THE OFFICES OF THE INFORMATION AND PRIVACY COMMISSIONERS: THE MERGER AND RELATED ISSUES
Proponents of the single commissioner model also argue that it promotes a more trusting, cooperative, and therefore more productive relationship between the commissioner and government. There are two prongs to this argument. First, it is asserted that government institutions would be willing to work more cooperatively with a commissioner whom they perceive to be an impartial arbiter as opposed to a
"single-value" advocate. Second, it is contended that a single commissioner would be able to use some of the goodwill generated by the typically more consultative privacy work to dampen some of the hostility and resistance inhering in the relationship between commissioners and governments on access issues.

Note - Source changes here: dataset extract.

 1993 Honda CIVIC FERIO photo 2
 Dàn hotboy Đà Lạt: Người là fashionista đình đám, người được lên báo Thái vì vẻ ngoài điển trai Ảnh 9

There is some empirical support for these arguments. In each of the provinces that have adopted the single commission model, the commissioner appears to have achieved a better working relationship with government on access issues than has traditionally been the case at the federal level. This does not mean that there are not at times marked differences of opinion between governments and commissioners in the provinces. It means that there are continuing, healthy relationships based on their understandings of one another's position.

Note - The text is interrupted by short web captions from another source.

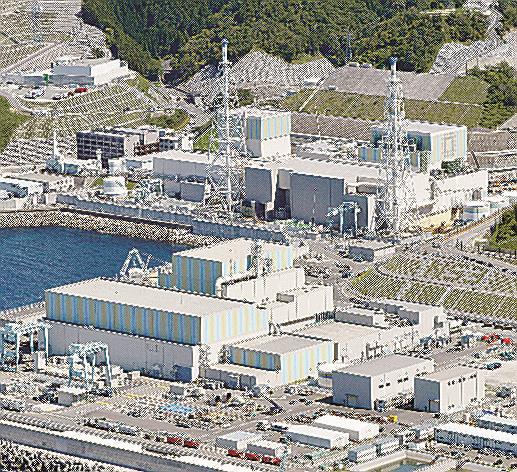 中国電力島根原発１号機（奥左）、右は２号機、手前は３号機＝松江市鹿島町片句（中国電力提供）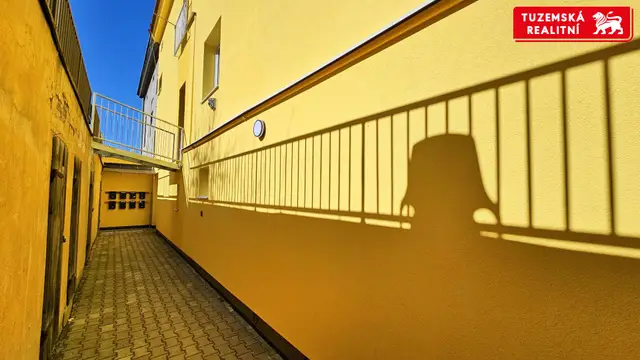 Zrekonstruovaný byt 2+1 k pronájmu, Letovice, ulice Nová. — fotografie 3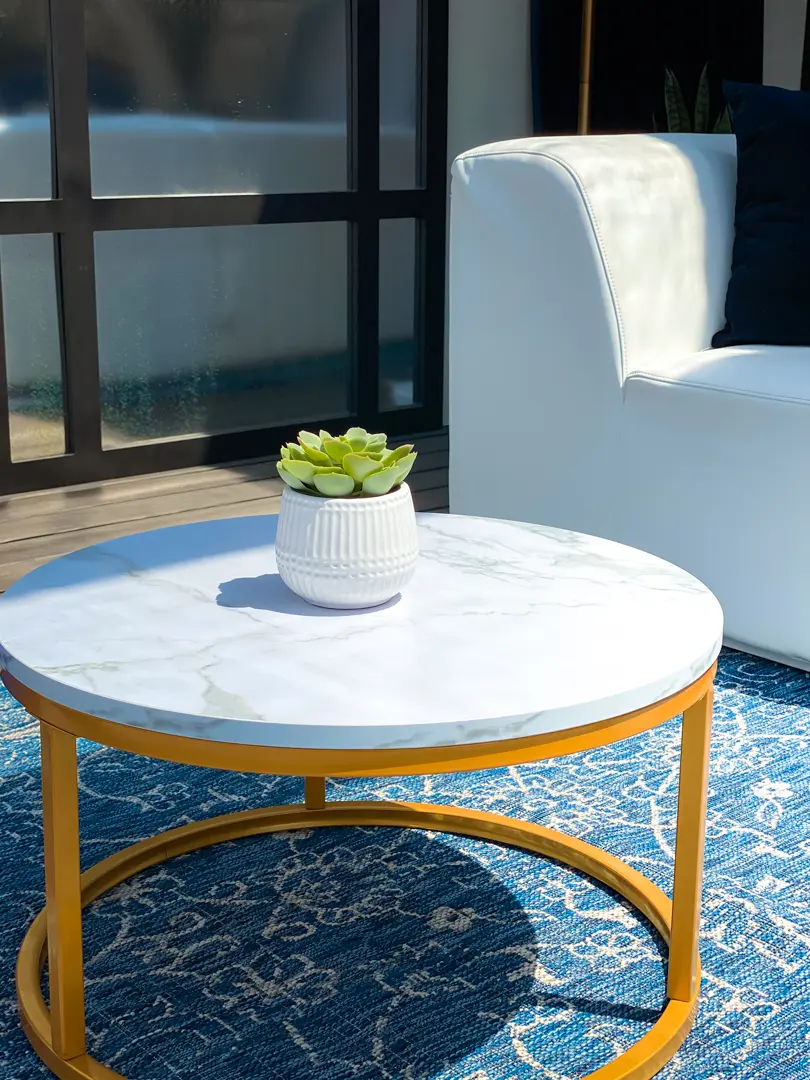 Bohemian carpet - 9.5' L x 6.5' W - Blue & Beige used in the inspiration Ellis Vase Tapis Fidji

The reasons for this difference are not entirely clear. Many of the individuals I consulted noted that the history, structure, and culture of the federal bureaucracy differs in many ways from those in the provinces. The federal public service, it was observed, is larger and more decentralized than its provincial counterparts, and its agencies are consequently often more autonomous, opaque, and idiosyncratic. Fostering a culture of openness and transparency may therefore be more challenging in the federal sphere than in the provinces. Access requests in the federal sector, I was told, are also more often directly or indirectly related to partisan political debates than is the case in the provinces. It is also possible that federal access requests more frequently involve high-profile or controversial issues than those in the provinces. To the extent that these differences between the provincial and federal governments exist, switching to a single commissioner model in the federal sphere is not likely to improve matters.
It is also possible, however, that the interactions that single commissioners have with government on the privacy front, which tend to be more consultative and less adversarial than is the case with access, may foster a more cooperative approach on access issues. Government officials who have engaged in productive dialogue with the commissioner on privacy issues are less likely to adopt a hostile and adversarial stance in discussions with the same commissioner on access issues. To the extent that this true, adopting the single commissioner model in the federal jurisdiction might improve the quantity and quality of access to government information.

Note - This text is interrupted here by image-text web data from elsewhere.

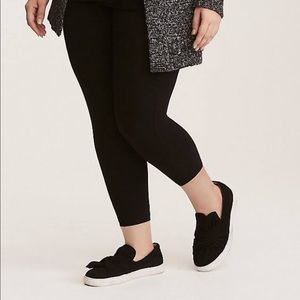 Torrid cropped black leggings - Size 2 (18/20)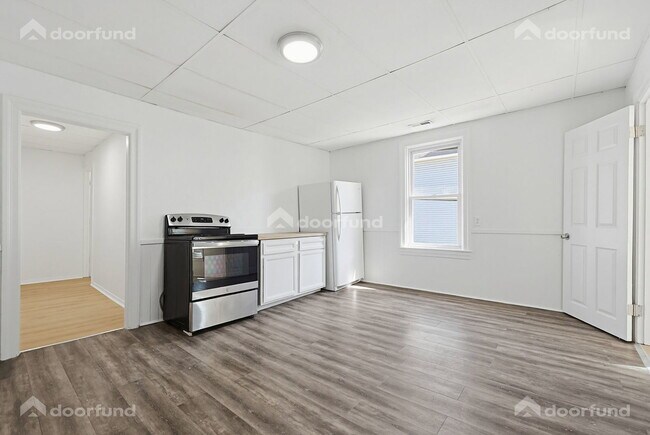 Photo - 17 Wachusett St Unit 2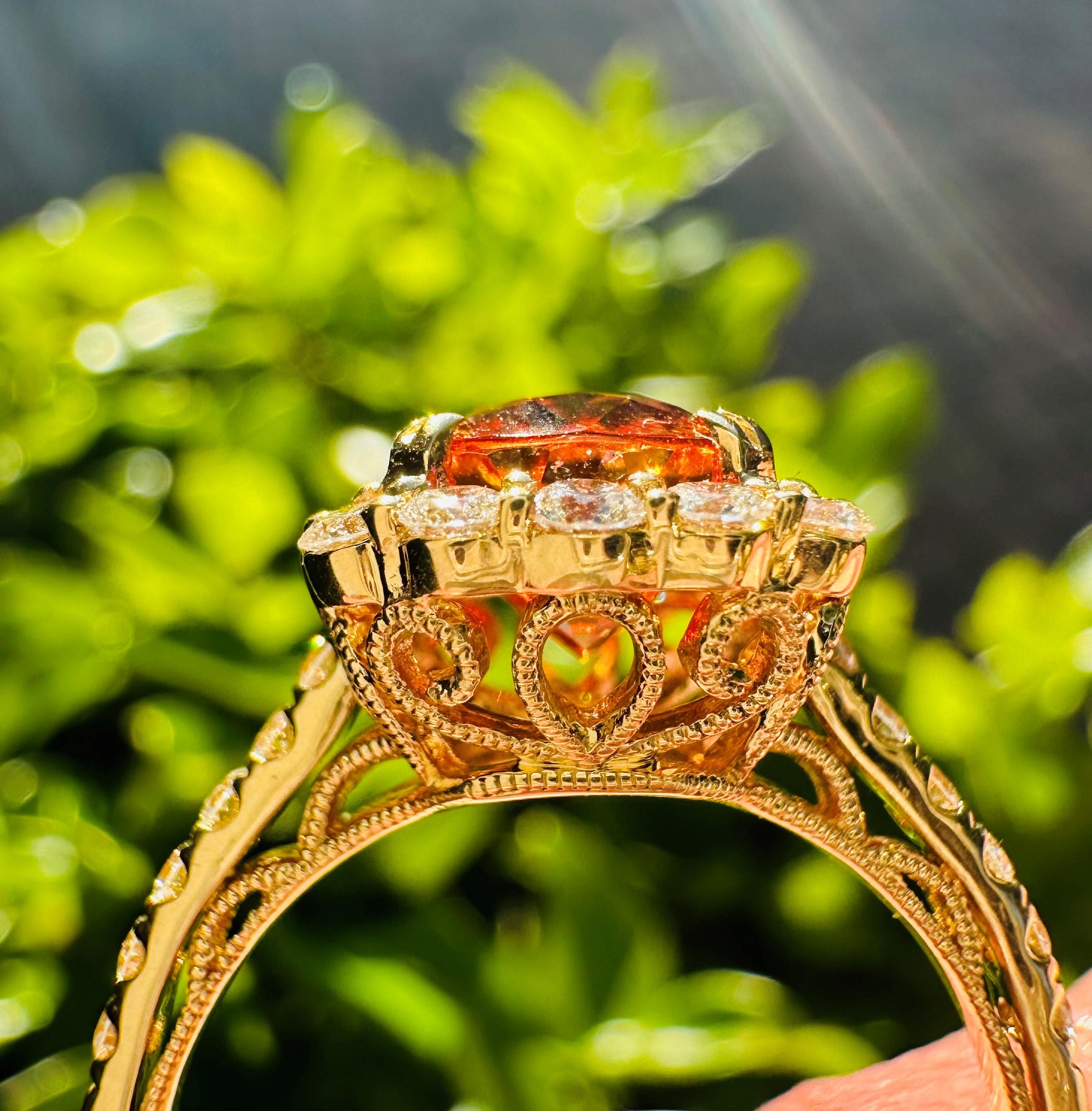 18K Yellow Gold 3.21 Carat Spessartite & Diamond Cocktail Ring For Sale 3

"Information and Privacy Commissioner" could also turn out to have a greater capacity to influence government on both access and privacy issues than the existing commissioners. As discussed, under the current system there are very few instances of real conflict between access and privacy values. A unified office would, therefore, rarely be required to
"balance" the two values in performing its various functions. Government officials may nonetheless be inclined to give more weight to the advice given by a commissioner responsible for upholding both principles than that stemming from a commissioner mandated to vindicate only one. A unified office might also have more success in encouraging government institutions to adopt more comprehensive and proactive information policies that take both access and privacy considerations into account at all stages of the information
"life cycle." The recommendations of an
"Information and Privacy Czar," in other words, may have more of an impact on legislation, policy, and practice than the sum of the advice of separate information and privacy commissioners. By presiding over a larger, unified office, a single commissioner may also command more attention and respect from the media and members of the public. This in turn may influence government officials to be more receptive to the commissioner's advice and recommendations.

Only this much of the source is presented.